The answer must be an exact copy of the records, with no pictures in it.

* _Image-text web data_
++++

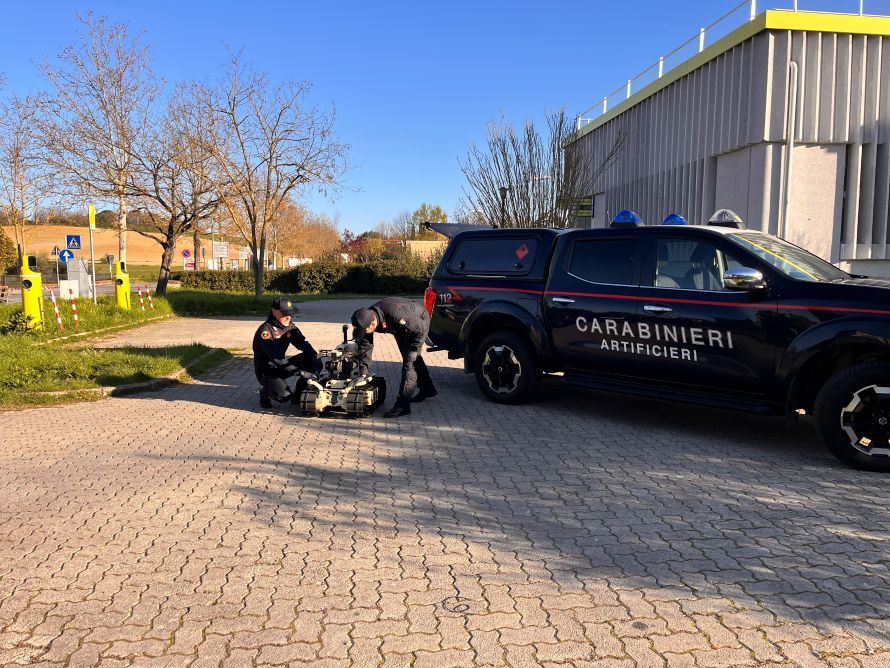 Monteroni d&rsquo;Arbia, assalto esplosivo al bancomat: allarme e carabinieri sventano il colpo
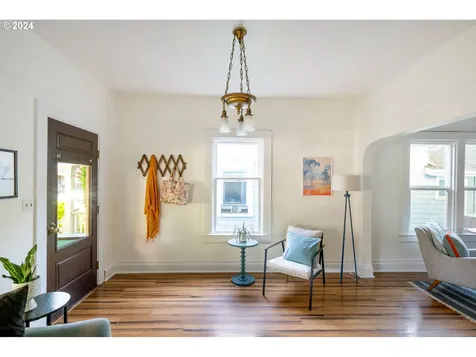 317 Ne Stanton Street Portland OR 97212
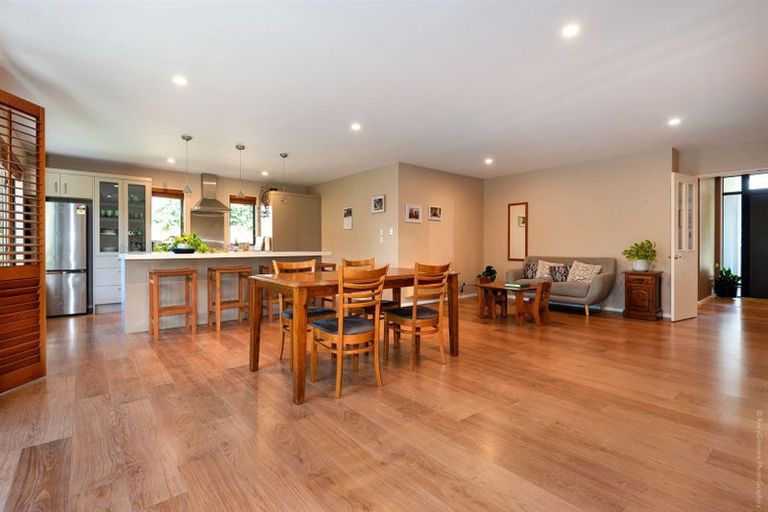 Photo of property in 12 Sheraton Place, Redwood, Christchurch, 8051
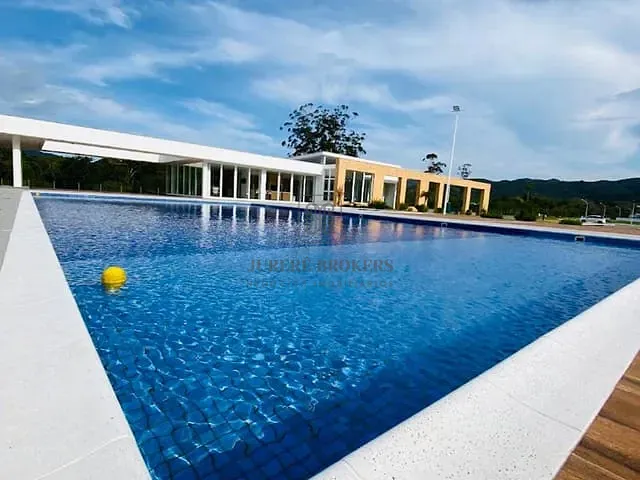 Terreno com 454m², à venda, no bairro Ratones em Florianópolis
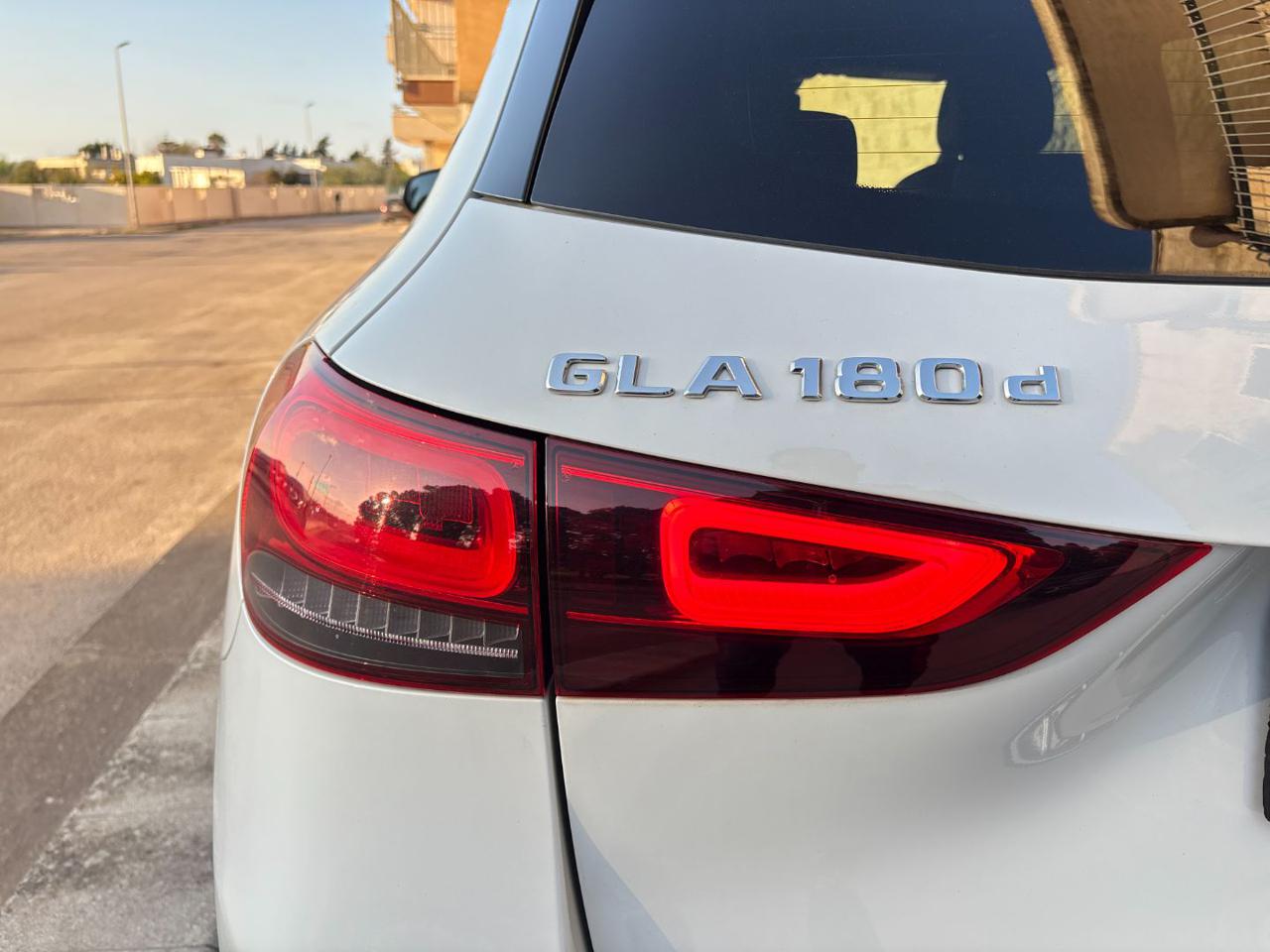 MERCEDES-BENZ GLA 180 d Automatic Sport Plus Pack Night-LUCI AMBIENTE - 35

++++

* _The completed task_
 Monteroni d&rsquo;Arbia, assalto esplosivo al bancomat: allarme e carabinieri sventano il colpo
 317 Ne Stanton Street Portland OR 97212
 Photo of property in 12 Sheraton Place, Redwood, Christchurch, 8051
 Terreno com 454m², à venda, no bairro Ratones em Florianópolis
 MERCEDES-BENZ GLA 180 d Automatic Sport Plus Pack Night-LUCI AMBIENTE - 35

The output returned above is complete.